*** THE DATA Section Begins ***

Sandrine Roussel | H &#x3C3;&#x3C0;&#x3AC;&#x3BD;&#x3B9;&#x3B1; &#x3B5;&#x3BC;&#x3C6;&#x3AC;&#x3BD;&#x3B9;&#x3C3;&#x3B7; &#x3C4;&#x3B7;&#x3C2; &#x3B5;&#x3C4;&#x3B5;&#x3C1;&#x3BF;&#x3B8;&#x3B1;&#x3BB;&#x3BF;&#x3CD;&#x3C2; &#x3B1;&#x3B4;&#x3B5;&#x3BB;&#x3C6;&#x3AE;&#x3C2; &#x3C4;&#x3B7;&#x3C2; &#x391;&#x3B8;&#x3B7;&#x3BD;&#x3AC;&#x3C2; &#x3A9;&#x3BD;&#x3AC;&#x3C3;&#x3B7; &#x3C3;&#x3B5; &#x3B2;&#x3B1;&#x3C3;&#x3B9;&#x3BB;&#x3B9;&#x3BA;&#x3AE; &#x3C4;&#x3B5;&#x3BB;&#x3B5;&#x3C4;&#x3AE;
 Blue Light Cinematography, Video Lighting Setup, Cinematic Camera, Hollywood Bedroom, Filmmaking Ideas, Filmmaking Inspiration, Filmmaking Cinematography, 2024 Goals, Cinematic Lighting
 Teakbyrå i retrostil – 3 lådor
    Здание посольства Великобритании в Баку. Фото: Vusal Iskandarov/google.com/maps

*** THE DATA Section Ends ***
*** THE DATA Section Begins ***

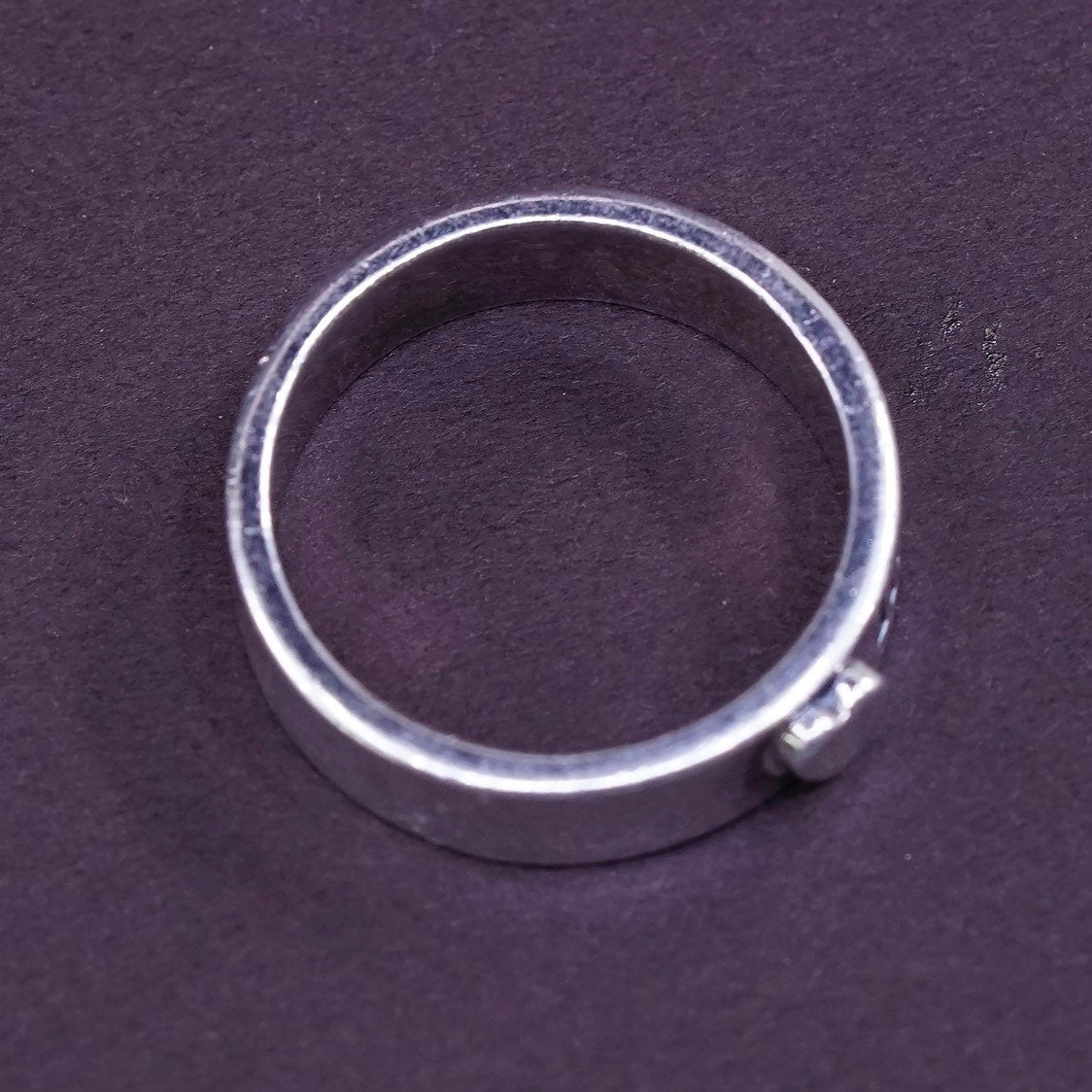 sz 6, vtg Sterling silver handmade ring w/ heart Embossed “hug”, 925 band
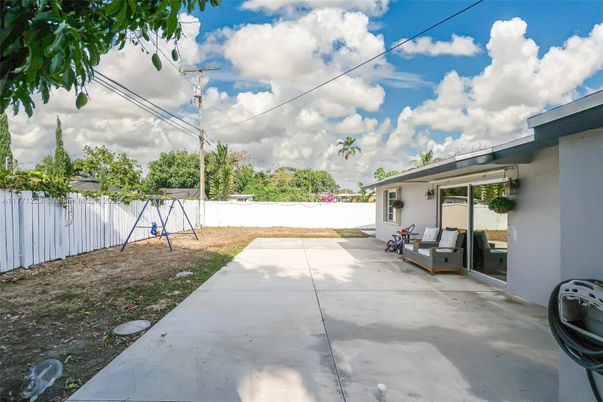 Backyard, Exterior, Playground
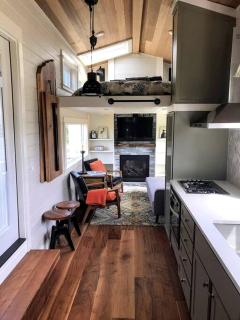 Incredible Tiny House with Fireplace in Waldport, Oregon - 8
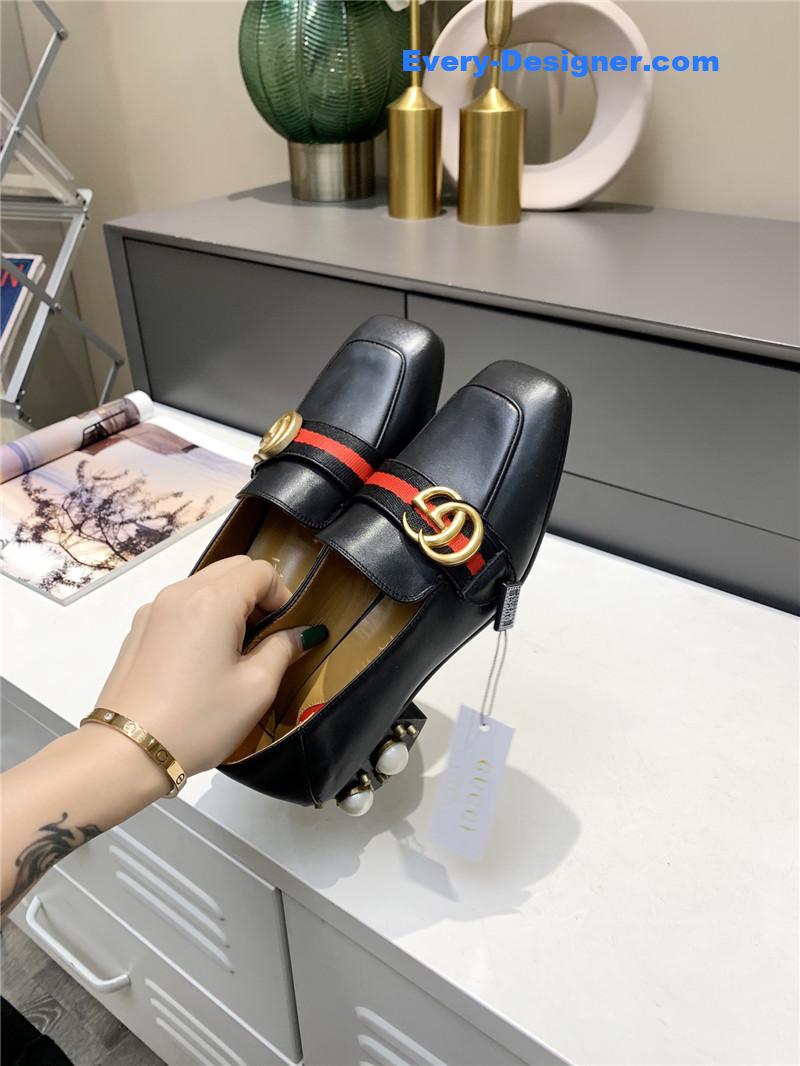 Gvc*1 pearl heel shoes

*** THE DATA Section Ends ***

WHAT IS EXPECTED: Repeat the lines above exactly, beginning with the one containing "Incredible Tiny House" and finishing with the one containing "Gvc*1 pearl heel shoes". No pictures belong in the copy.

WRITTEN SOLUTION:
 Incredible Tiny House with Fireplace in Waldport, Oregon - 8
 Gvc*1 pearl heel shoes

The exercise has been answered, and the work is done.